= EXERCISE =
Only the lines from the one with "1945 Chevrolet AK Series - Image 17 of 21" through the last line of the data below are to be duplicated, exactly and without pictures.

DATA SHOWN below:

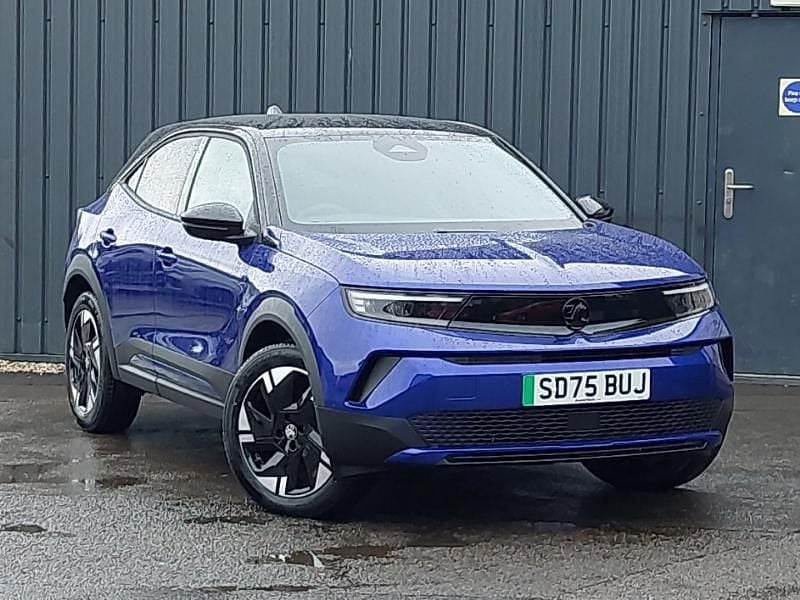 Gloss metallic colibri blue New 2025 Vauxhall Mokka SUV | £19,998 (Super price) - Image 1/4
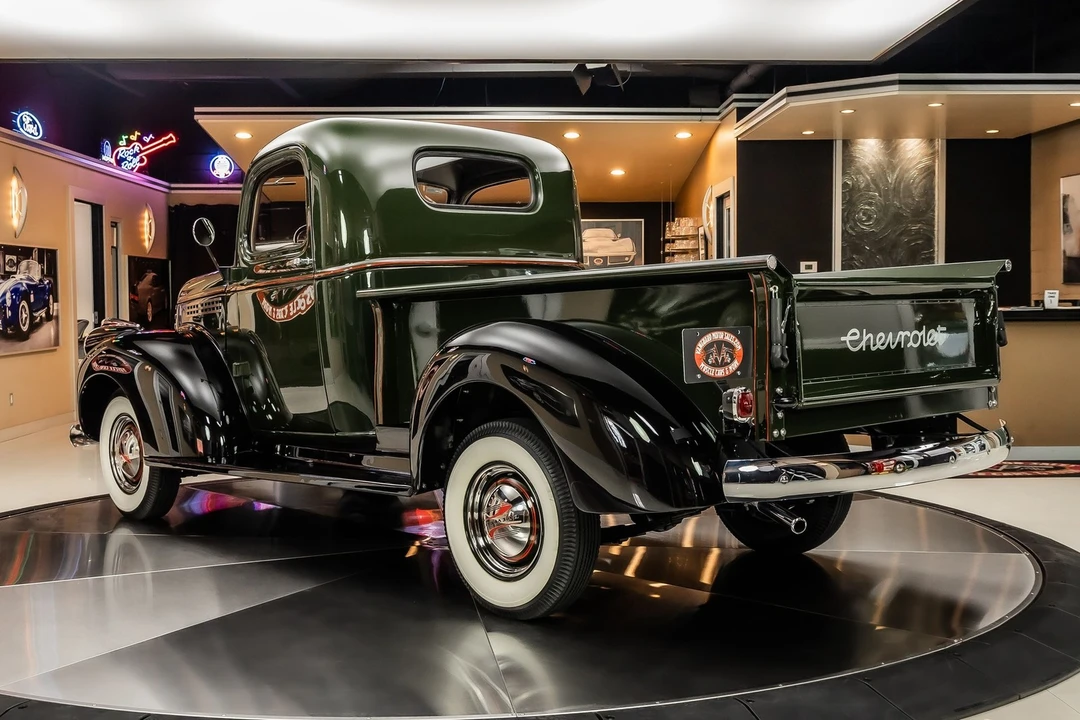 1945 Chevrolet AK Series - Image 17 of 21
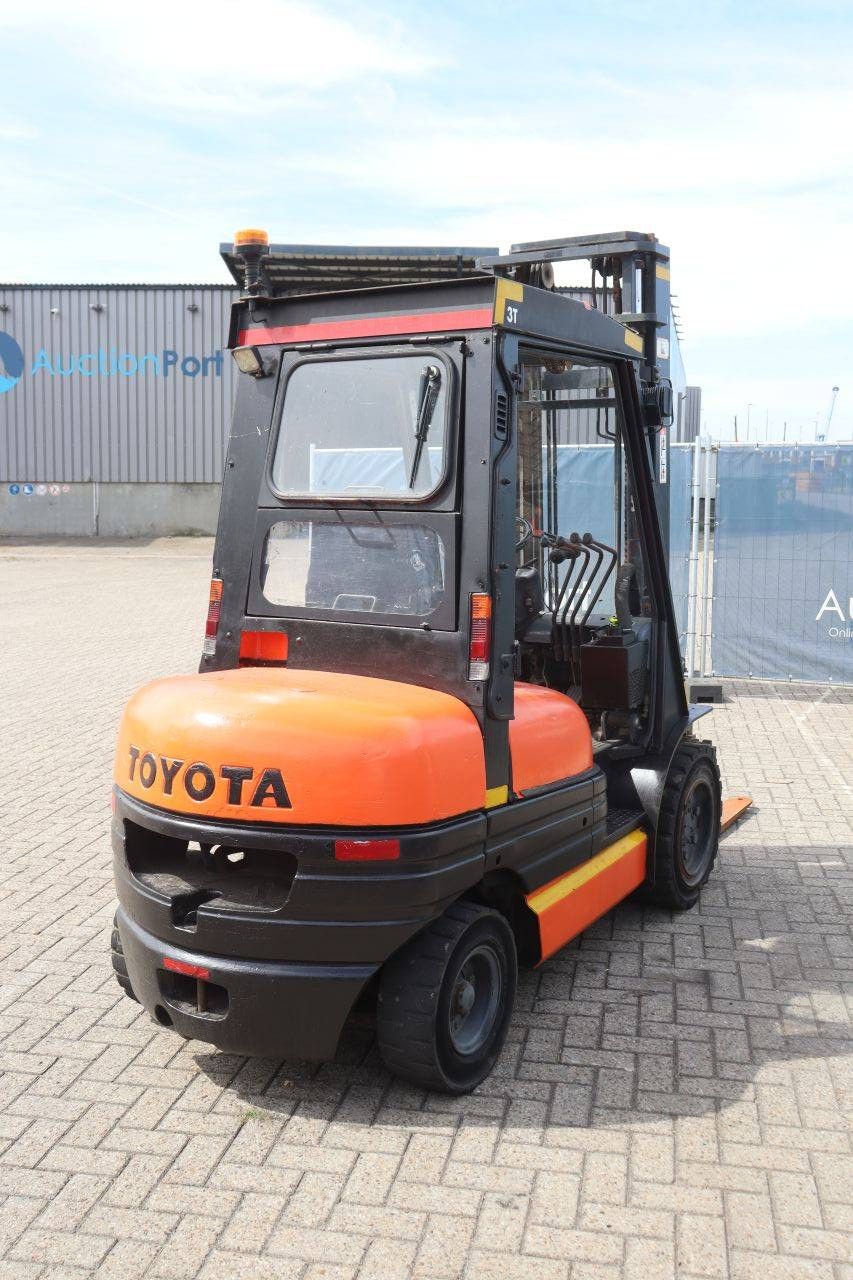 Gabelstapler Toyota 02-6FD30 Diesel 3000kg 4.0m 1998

End of DATA SHOWN.

= OUTPUT =
 1945 Chevrolet AK Series - Image 17 of 21
 Gabelstapler Toyota 02-6FD30 Diesel 3000kg 4.0m 1998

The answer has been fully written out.